Let's take a look at shares of Shake Shack. That stock is under quite a bit of pressure this morning following its latest quarterly report, off about 12 and 1/2% here. If we look at the chart year to date, basically given up most of the gains that we've seen. And Sozzi, this was a digitization success story a little bit in the pandemic, but now facing the same headwinds that I think a lot of businesses that won on the back of pandemic specific strategy they're facing, which is, OK, now you can do other things beyond consuming Shake Shack and what that growth driver is for them. Certainly some questions about that today.
BRIAN SOZZI: Two concerns I think off of the Shake Shack quarter. One-- and perhaps this is not a surprise-- it's those urban locations that Shake Shack has feasted on and built its entire model around. Those urban locations, especially in New York City, it remains challenging. The tourism isn't there. The traffic isn't there, back to those restaurants. Now they are seeing better results in some of their newer suburban locations. Same Shack sales up 5.7%, but you're seeing a dual speed recovery here in the business.
I will note, too, since today is Jobs Friday, Shake Shack CEO Randy Garutti talked at length about in the conference call that they are having problems finding workers, just like many other companies in the restaurant industry. When they find those workers, they're going to have to pay them more.
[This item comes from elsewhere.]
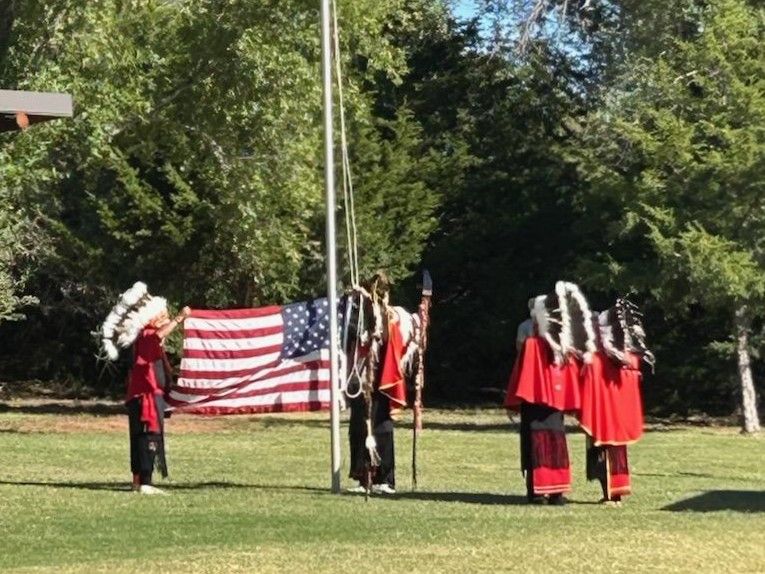 Honor guard in red uniforms standing beside an American flag on a grassy field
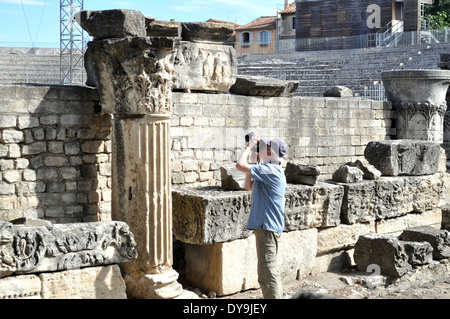 L'homme d'âge moyen de prendre une photo de l'ancienne colonnes de pierres dans le théâtre romain d'Arles, France. Banque D'Images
So the restaurant industry continues to see a good deal of inflation.
But on a positive note, Shake Shack is out now with their first, I believe, burger that has an avocado on it. It's the first time I think that they are using avocado, so a big win for them. Despite the slowdown in sales and pressure on margins, the innovation pipeline, at least for Shake Shack, remains very good. I'm all about the avocado on my burger, Myles and Julie.
JULIE HYMAN: I like the fried egg on my burger personally. Sure, throw some avocado on it, too.
BRIAN SOZZI: Forever a contrarian. Always a contrarian.
JULIE HYMAN: You know, in terms of their app stuff, though, it looks like that their app stuff they said is pretty sticky. In other words, their app and web sales were still up by 203% in the quarter. So, Myles, it doesn't seem like that that part is the problem. In other words, the people migrating to their digital ordering system isn't the problem. Maybe it's just overall demand that's the problem here.
MYLES UDLAND: Yeah, and I think, you know, a stock that has had its challenges over the last couple of years, basically trading kind of at the highs that it traded at in 2019 when there was sort of an enthusiasm cycle around Shake Shack and did trade to a record high earlier this year, but now off of those levels. Would note the company did give guidance, so maybe that was a mistake. They said something about the future, and the Street punished them for that as per our conversation earlier this morning.